MTA to Begin Repairing Fleet of Damaged LRVs

image001.jpgAn unidentified Muni light rail vehicle with serious damage from a wreck. Photo: MTA

The San Francisco Municipal Transportation Agency Board of Directors is expected to vote tomorrow to approve up to $217,634 to repair two damaged Muni Metro light rail vehicles. Muni currently has ten LRVs that are out of service due to damage from crashes, roughly one-fifteenth of its 151-vehicle light rail fleet.

Both the vehicles slated for repair, numbers 1451 and 1502, have been out of service since at least this March, when an MTA presentation (PDF) identified them, along with two other LRVs, as having "medium damage." Four other vehicles were listed as having "major damage," with the total estimated cost of repair for all eight LRVs listed at $18 million.

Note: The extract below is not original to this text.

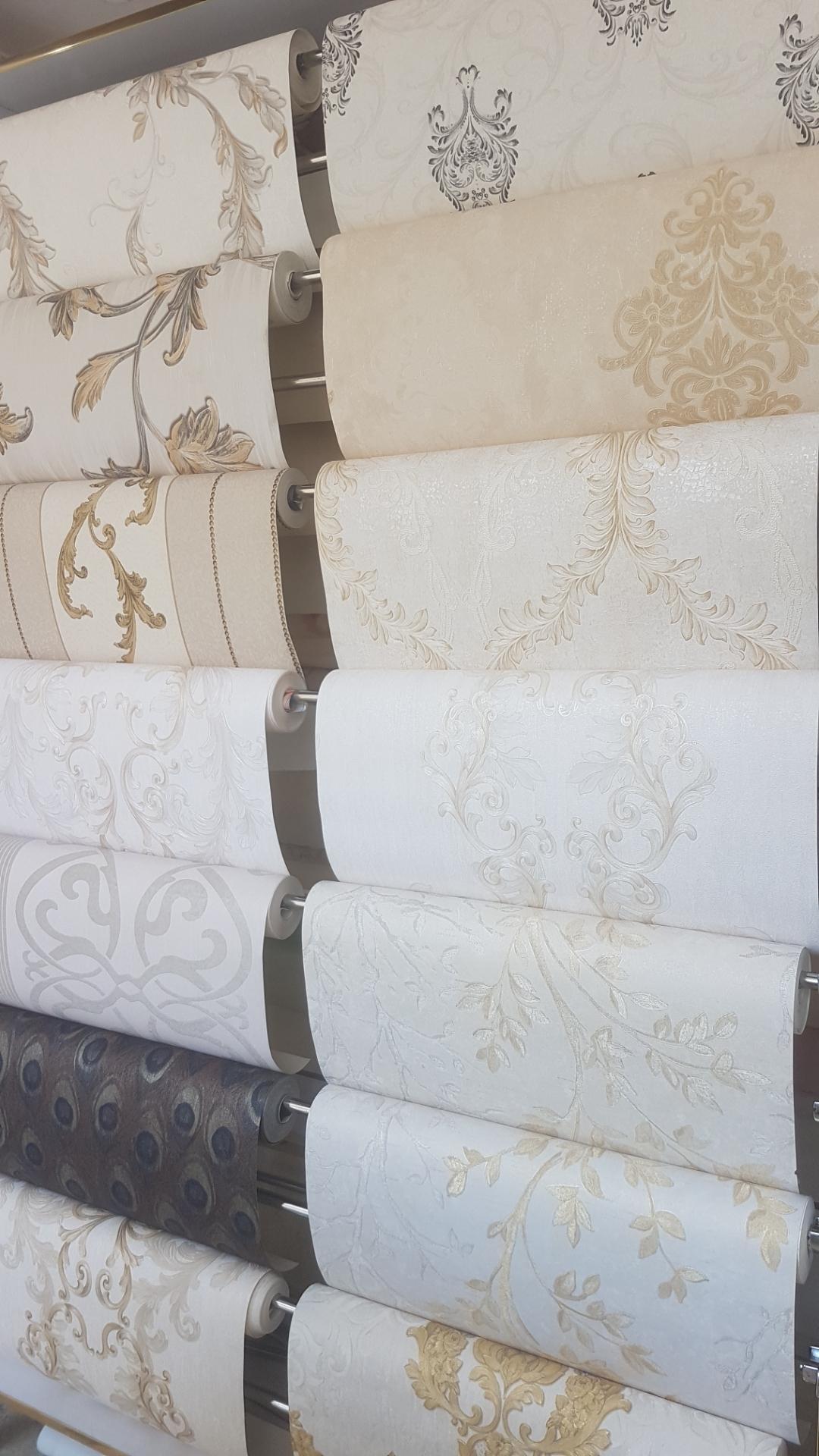 عکس خانه کاغذ دیواری شهرری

Vehicles with anything more than "minor damage" generally cannot be repaired by Muni in-house. Given the relatively low cost of repairing numbers 1451 and 1502, which have "medium damage" and account for only a small fraction of the $18 million sum, the heavily damaged vehicles are certain to have multi-million dollar repair costs.

Since the March report, two additional Muni Metro vehicles were severely damaged in a July collision at West Portal station. Given the seriousness of that crash, one or both vehicles are likely to have sustained serious damage, bringing the number of out-of-service vehicles to ten, and compounding the $18 million figure for all the repairs.

The MTA has been actively seeking funds to begin repairing vehicles, and on September 1 the MTA board voted to dedicate $1.2 million in state Public Transportation Modernization, Improvement, and Service Enhancement Account funds to LRV wreck repairs. Originally, the funds were to go towards the Mission Bay Loop project, but the board elected to divert them to repairs. The March report also identified $2.6 million in Prop. K funds for LRV repair, and noted that LRV repair was a proposed stimulus package project, though the MTA ultimately did not receive stimulus funds for that purpose.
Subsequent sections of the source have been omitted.